The Anti-Ship Arsenal: Iran's Missile Program and the Surface Threat to Gulf Shipping
Iran has invested more systematically in anti-ship missile capability than any other aspect of its naval force development over the past three decades. The investment reflects the operational logic of the IRGCN’s Hormuz doctrine: surface ships and tankers transiting the strait in a contested environment must be threatenable from multiple vectors simultaneously, and missiles — launched from shore, from surface vessels, from aircraft, and eventually from submarines — provide the most cost-effective way to achieve that coverage. The resulting arsenal is among the largest and most diverse anti-ship missile inventories of any regional power.
The shore-based component is the backbone of the strait threat. Iran has deployed multiple families of anti-ship missiles along its Gulf and Strait of Hormuz coastline, positioned in hardened facilities and on mobile launchers that make targeting and suppression difficult. The ranges of these systems cover the entire strait and extend well into the Gulf of Oman. A vessel transiting the strait is within range of Iranian shore-based anti-ship missiles from the moment it enters the traffic separation scheme until it clears the Omani coast on the far side. There is no portion of the transit that is outside the engagement envelope of at least some Iranian shore-based systems.
The Noor missile — an Iranian derivative of the Chinese C-802, adapted and domestically produced after American pressure led China to stop providing the original system — is the most numerically significant platform. It is a subsonic sea-skimming missile with a range sufficient to cover the strait from Iranian territory, a radar seeker designed to acquire surface targets in a cluttered maritime environment, and a warhead large enough to mission-kill a commercial tanker or damage a warship. Iran has produced it in large numbers, transferred variants to Hezbollah and the Houthis, and continued to improve its guidance and terminal seeker characteristics.
Beyond the Noor, Iran has developed and deployed a range of systems with different range, speed, and seeker characteristics. The Khalij Fars is a ballistic missile modified for anti-ship targeting — a capability that China publicly demonstrated against a moving target in the South China Sea and that Iran has claimed for its own systems. Ballistic anti-ship missiles present a different interception problem from sea-skimming cruise missiles: they approach from above, at high speed, on a trajectory that standard naval point defense systems were not optimized to engage. The terminal guidance problem — hitting a moving ship from a ballistic trajectory — is genuinely difficult, and it is not clear that Iran has fully solved it. But a system that is effective even occasionally against a carrier strike group changes the operational calculus for American naval presence in the Gulf.
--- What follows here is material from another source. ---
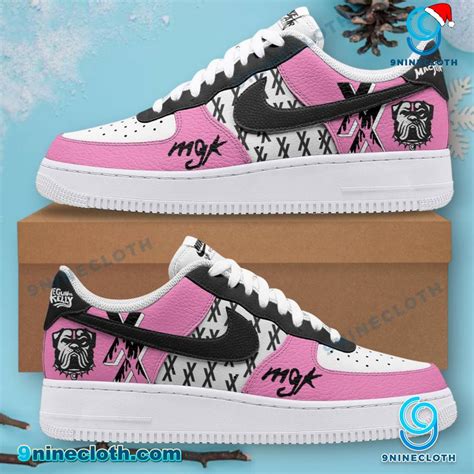 Machine Gun Kelly X Cleveland Browns Air Force Shoes - 9ninecloth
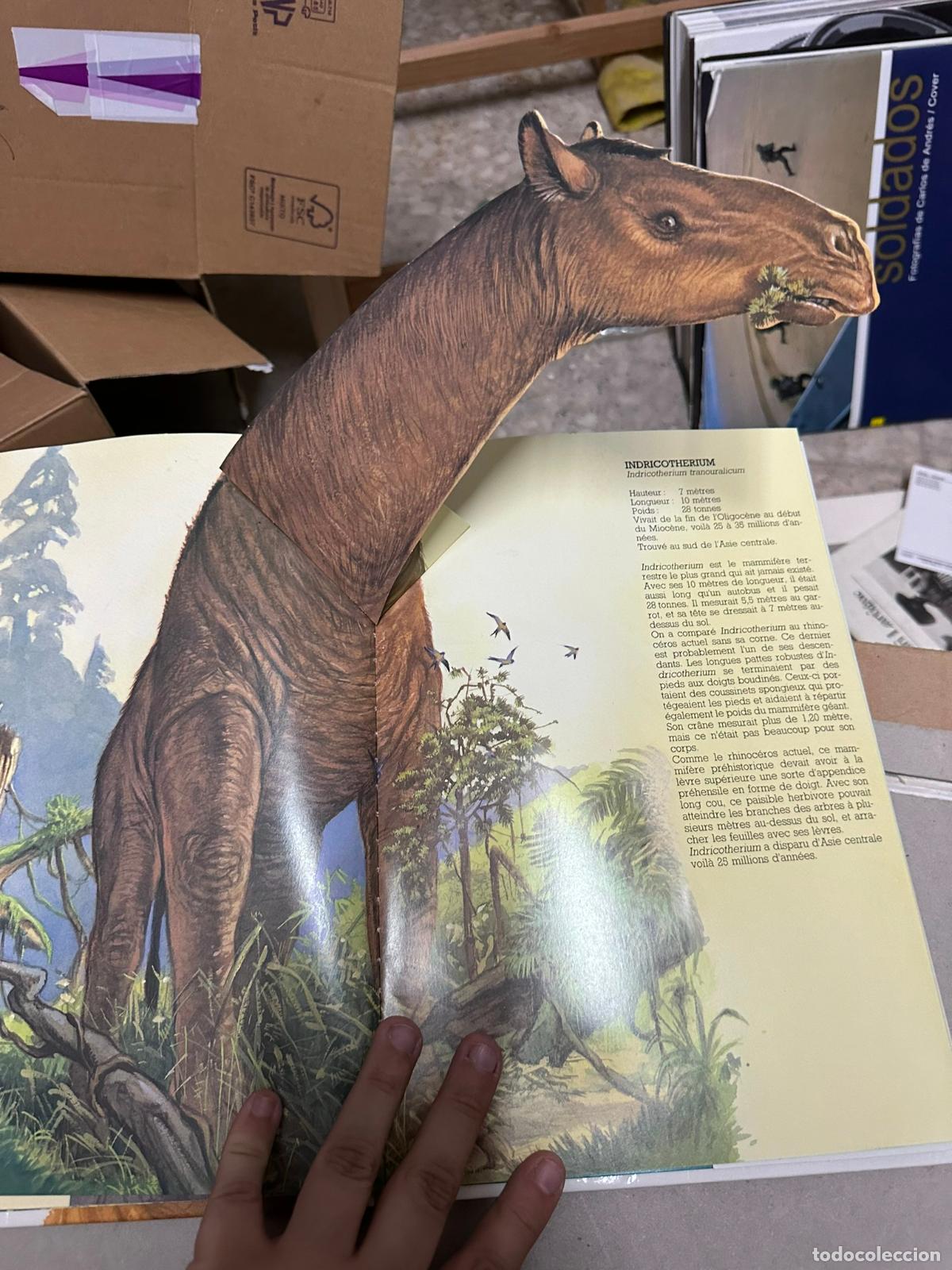 Libros de segunda mano: Les geants de notre planete pop up en frances - Foto 2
The surface-launched component from IRGCN fast attack craft extends the anti-ship threat into the strait itself. Small fast boats equipped with anti-ship missiles can engage targets from positions that shore-based batteries cannot cover, complicating the tracking and interception problem for coalition naval forces. A surface force that must simultaneously engage multiple fast attack craft launching missiles, track inbound weapons from shore batteries, and maintain its own position in the shipping lane faces a problem that is designed to exceed defensive capacity.
The Houthi precedent is relevant here. Houthi forces using Iranian-supplied anti-ship missiles damaged or threatened commercial shipping in the Red Sea over a sustained period with effects on insurance pricing and routing decisions that were disproportionate to the hit rate of their attacks. The deterrence value of a credible anti-ship missile threat does not require a high rate of successful strikes. It requires a rate of successful strikes sufficient to make potential victims — shipping companies, insurers, naval commanders — calculate that the risk is real. Iran’s Gulf anti-ship arsenal easily clears that threshold.
The trajectory of the program is toward greater precision, longer range, and lower radar signature. Improvements in guidance technology, terminal seeker sophistication, and propulsion that Iranian engineers have pursued in each successive generation of systems have been real. What exists today is more capable than what existed in 2005. What will exist in 2030 will be more capable than what exists today. The direction is consistent with a military that has identified anti-ship capability as its primary contribution to the Gulf threat calculus and has funded it accordingly.